Library Journal‘s genre spotlight on SF/Fantasy has so much Macmillan goodness, it’s out of this world!
A MULTIPLICITY OF CHARACTERS
September marks the publication of James Tiptree Jr. Literary Award–winning short story writer Nisi Shawl’s highly anticipated first novel, EVERFAIR, a steampunk alternate history set in the Belgian Congo. “It’s as diverse in about as many ways as you can count. The author is a queer black woman, and several of [her] characters are queer (and often women and/or nonwhite as well),” explains Tor Books editor Liz Gorinsky. “The [other] characters represent a multiplicity of voices that have been historically silenced—Africans, East Asians, and African Americans—as well as a few Europeans, in complex relationships with one another.”
WORKS IN TRANSLATION
Increasingly, publishers’ fall lists are featuring speculative fiction in translation, and awards committees have taken note. In 2015, Cixin Liu’s THE THREE-BODY PROBLEM became the first translated sf novel to win a Hugo Award and wound up on the reading lists of President Barack Obama and Mark Zuckerberg. Arriving in September from Tor is DEATH’S END, the highly anticipated conclusion to Liu’s “Remembrance of Earth’s Past” trilogy.

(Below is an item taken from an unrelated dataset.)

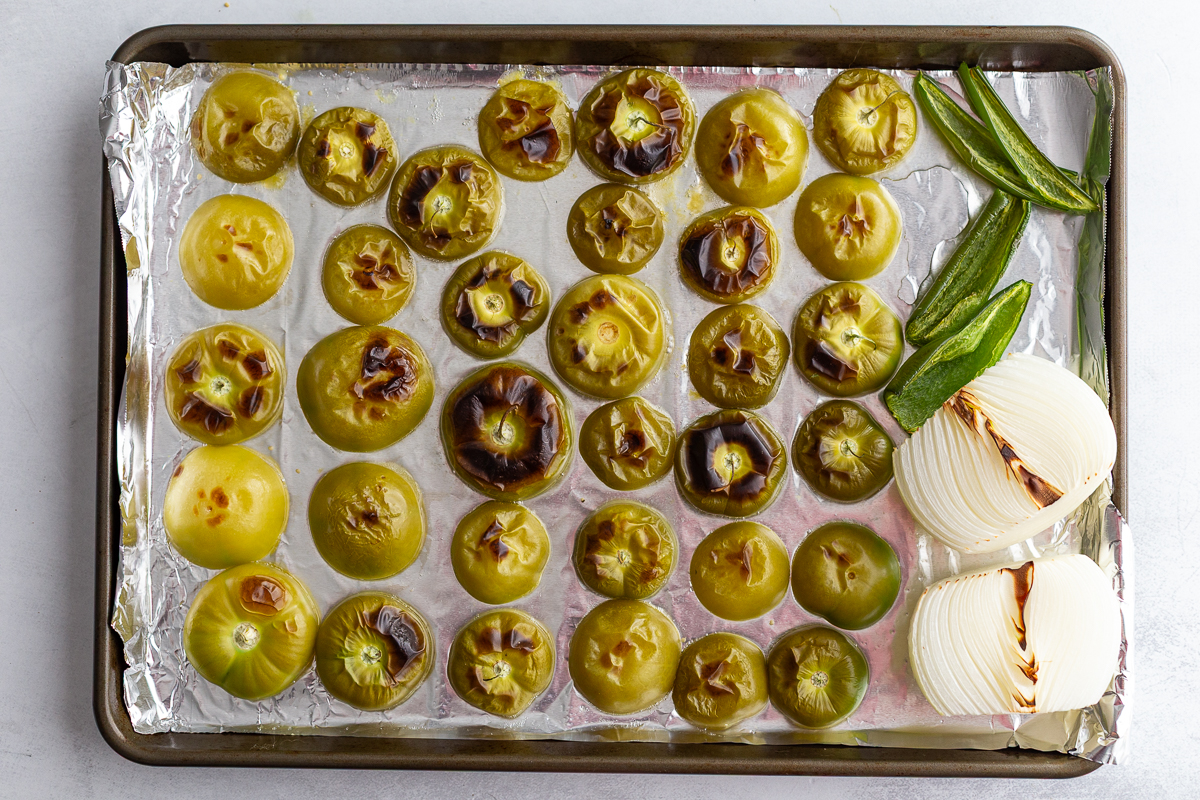 tomatillos, peppers and onion on a baking tray after being roasted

“I have somehow fallen into the Chinese [sf] publishing business, and I couldn’t be happier,” exclaims Tor’s Gorinsky. “This fall we actually have two books translated by Ken Liu (who’s an amazing author in his own right—the only one to ever win Hugo, Nebula, and World Fantasy awards for the same story).” The second title is INVISIBLE PLANETS, an anthology of Chinese short stories; it includes two tales by Cixin Liu and the rest by rising talents, including the Hugo- and Sturgeon Award–nominated “Folding Beijing” by Hao Jingfang. Coming in October is Mariko Koike’s THE GRAVEYARD APARTMENT; known for her hybrid works that mix detective fiction with horror, the author is one of Japan’s most popular writers. Originally published in 1986, this novel follows a young family as they move into what they believe is the perfect home—despite the cemetery next door.
DRAWN FROM OTHER LANDS
Pseudonymous author Lian Hearn, who has lived in Japan and is a student of the Japanese language, explores that country’s medieval history and mythology in her four-volume “Tale of Shikanoko” series. In the third outing, LORD OF THE DARKWOOD, the warrior Shikanoko must confront the Spider Tribe that he had some part in creating.
Authors are also incorporating some unusual urban settings in the natural world for their epics. Australian Thoraiya Dyer’s series opener, CROSSROADS OF CANOPY, due from Tor in January, introduces a city set in the canopy of a rainforest ruled by gods. Unar, the young servant of the goddess Audblayin, must descend to the deprived realms of Understorey and Floor to seek her destiny. Fran Wilde introduced readers to her towering city of living bone and its flying inhabitants in her award-winning debut UPDRAFT, but more trouble brews for residents in CLOUDBOUND.
SOMETHING OLD, SOMETHING NEW
Mary Robinette Kowal, the author of the popular “Glamourist History” paranormal series, moves from Regency England to the trenches of World War I with her first stand-alone fantasy, GHOST TALKERS. Tor’s Gorinsky raves, “It’s a wonderful and tragic story about the Spirit Corps, a group of mediums who contribute to World War I intelligence by taking combat reports from soldiers after they die.
INVESTIGATING THE NEAR FUTURE
Another unusual sf thriller landing on bookshelves this October is Hugo Award winner Will McIntosh’s stand-alone, FALLER, in which the title character exists, like everyone else, with no memories of his past on an Earth transformed into islands floating in an endless sky.
THE HORROR, THE HORROR
Tor publicity director Patty Garcia is seeing lots of ghosts this season. In Cherie Priest’s haunted-house tale, THE FAMILY PLOT, Chuck Dutton sends his daughter Augusta to oversee the salvaging of the Withrow estate, little suspecting that the Halloween prank graveyard on the premises is all too real.